Surgery-related stress is not the only factor that contributes to the elevated cortisol level. In the present study, we did not find significant correlations between serum cortisol concentration and duration of surgery, use of cardiopulmonary bypass during surgery, or duration of mechanical ventilation in the ICU. Velissaris and colleagues [47] reported a similar cortisol response curve in patients undergoing on- and off-pump surgery. Other conditions (such as anxiety, depression, and cognitive impairment) are also related to higher serum cortisol concentration [55, 59]. However, we did not perform screen tests for these conditions in this study. On the other hand, 20 patients (8.2%) in our study had a serum cortisol concentration that was lower than normal in the morning of the first postoperative day. The possible reason is that etomidate was used for anesthesia induction in all patients. It has been found that a single dose of etomidate can cause adrenal inhibition for 12 to 24 hours [60]. However, this did not seem to produce significant adverse effects in our study since only one of these patients needed inotropic therapy for more than 24 hours and no glucocorticoid replacement therapy was administered in the ICU.

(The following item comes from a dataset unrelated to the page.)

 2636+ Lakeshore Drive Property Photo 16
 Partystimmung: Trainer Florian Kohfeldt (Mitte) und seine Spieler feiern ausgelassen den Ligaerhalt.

There are several limitations of this study. First, we did not perform baseline psychiatric and cognitive screening tests. It was reported that preoperative mental disorders (such as depression, cognitive impairment, and dementia) are strong predictors of postoperative delirium [33, 44]. These factors are not included in the multivariate analysis in our study and thus may interfere with the final results. Second, serum cortisol concentrations were not measured at baseline. They were measured at only one time point after surgery. We were unable to determine whether patients with elevated baseline serum cortisol level were more prone to develop postoperative delirium and whether the time course of postoperative delirium was exactly correlated with that of serum cortisol level. Third, we did not observe the long-term effects of surgery on postoperative cognitive dysfunction. Therefore, we could not, as Koster and colleagues [61] had, determine whether there is an association between postoperative delirium and long-term outcomes. Fourth, our study did not reveal the causal relationship between the elevated cortisol level and the occurrence of delirium. Hypercortisolemia may have a direct impact on delirious symptoms, but it is also possible that hypercortisolemia merely reflects the stress associated with delirium [62]. Therefore, further study is needed to illuminate the mechanisms by which circulating cortisol level may affect delirium.

Conclusions

The results of our study showed that delirium was a common complication after CABG surgery. High serum cortisol level was associated with increased risk of postoperative delirium. Patients who developed delirium had outcomes that were worse than those who did not.

Key messages

  • Postoperative delirium was a common complication after coronary artery bypass graft surgery.

  • High serum cortisol level was associated with increased risk of postoperative delirium. Whether this relationship is causal or due to other confounders is still unclear.

  • Patients who developed delirium had outcomes that were worse than those who did not.